NFDs support forward and reverse lookups, meaning that a name ("silvio.algo") can be used to find its associated wallet addresses, and vice versa. This opens up a host of discoverability and transparency features for blockchain explorers, NFT marketplaces, DAOs, and other web3 services that integrate with NFDs. There are already over 60 platforms using NFDs in place of addresses. Check out our integrators page to find them all.

Since every NFD is a distinct contract instance, up to 8KB of metadata (the maximum allowed by Algorand) can be stored in the contract's global state.
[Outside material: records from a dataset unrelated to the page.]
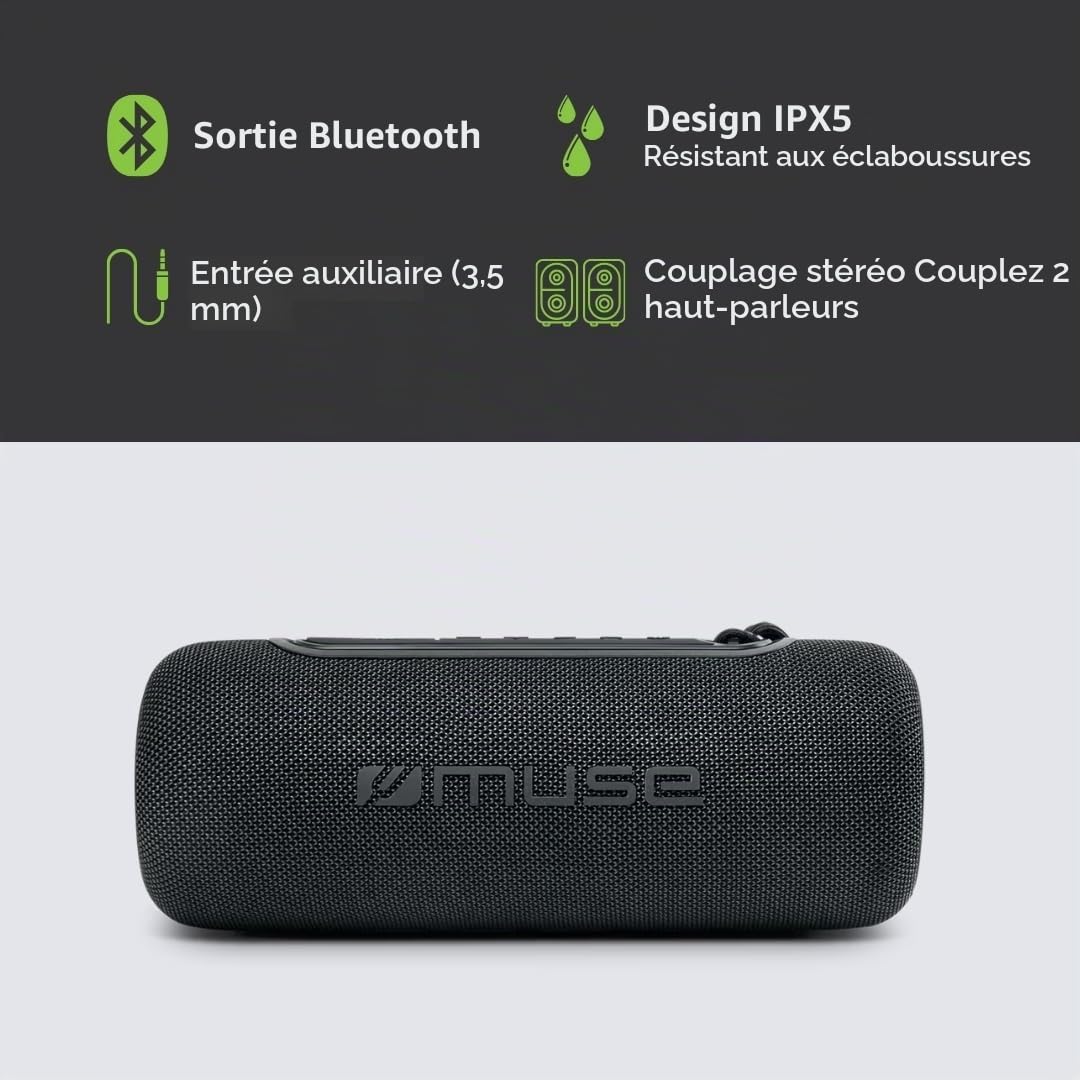 Muse M-70BTB. Haut-Parleur Bluetooth avec lumières de Couleur, Prend en Charge Les sapilchures d'eau. Puissance de Sortie 20 W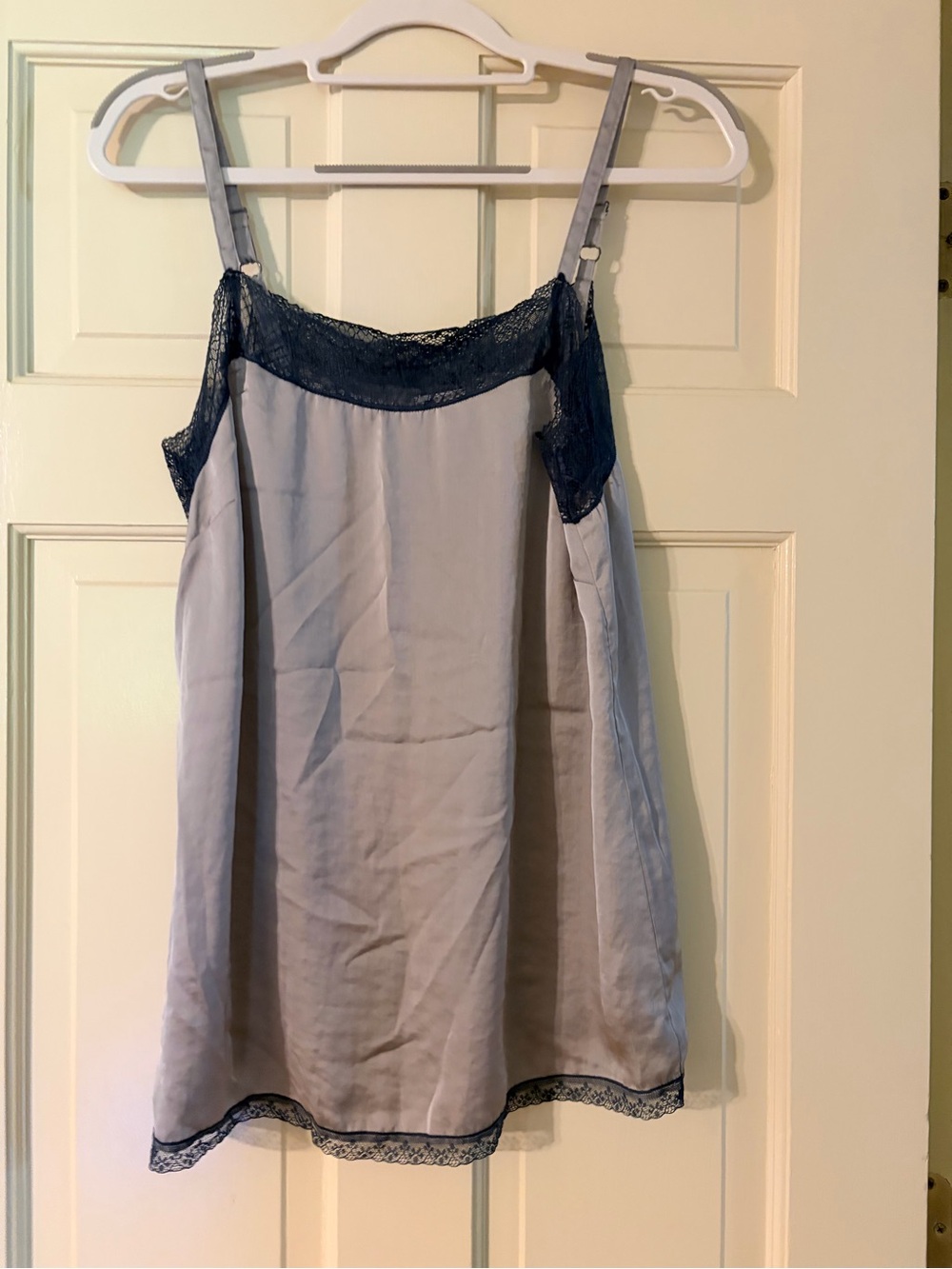 CAbi Light Gray Satin Camisole with Navy / Green Lace Trim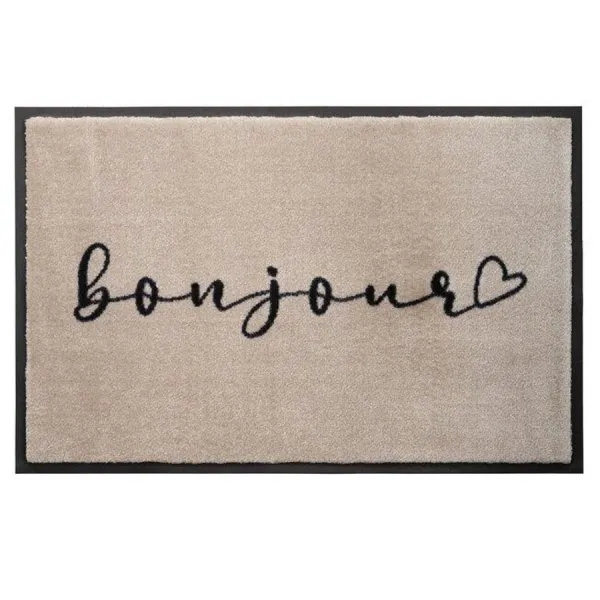 Gift Company waschbare Fußmatte Bonjour Beige Schwarz (75x50cm)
This enables users to associate profile information, social media, and other data with their NFD.

Each NFD mints its own ARC19 NFT, or "identity token", that represents your NFD's contract state, including all metadata you set. This feature is what enables NFDs to "live" in your wallet, giving you full visibility and ownership of your digital identity. Thanks to the mutable ARC19 standard, the NFT can update its own metadata so that it stays up-to-date. When you sell your NFD all metadata is wiped from both the NFD and NFT.

The maximum length of an NFD is 27 characters. Emoji's, and 1- & 2-character names will be auctioned in reverse auctions, along with some other curated words. Allowed characters are A-Z, 0-9 & an Emoji library. No special characters are allowed. The amount of ALGO will fluctuate based on the ALGO/USD conversion at the time of purchase. There will be no renewal fees for an NFD.

Forward and Reverse Name Resolution

Thanks to the innovative smart contract architecture that underpins NFDs, both forward and reverse lookups are supported. In other words, "silvio.algo" can be used to find a wallet address, and a wallet address can be used to find "silvio.algo".

That might not seem like a big deal, but it unlocks exciting features and usability improvements across a wide range of services.

For example, using reverse lookups, blockchain explorers can display readable names of exchanges and other services in their tables of transactions, DAOs can provide more transparency by showing information about individual participants in governance votes, and NFT artists can display their name, profile and information about their project in any marketplace that integrates with NFDs.

Those are just some of the possibilities. Using our public APIs and smart contracts, we expect developers to discover new and exciting ways to use this powerful combination of bidirectional lookups, unique identity, and user-driven metadata.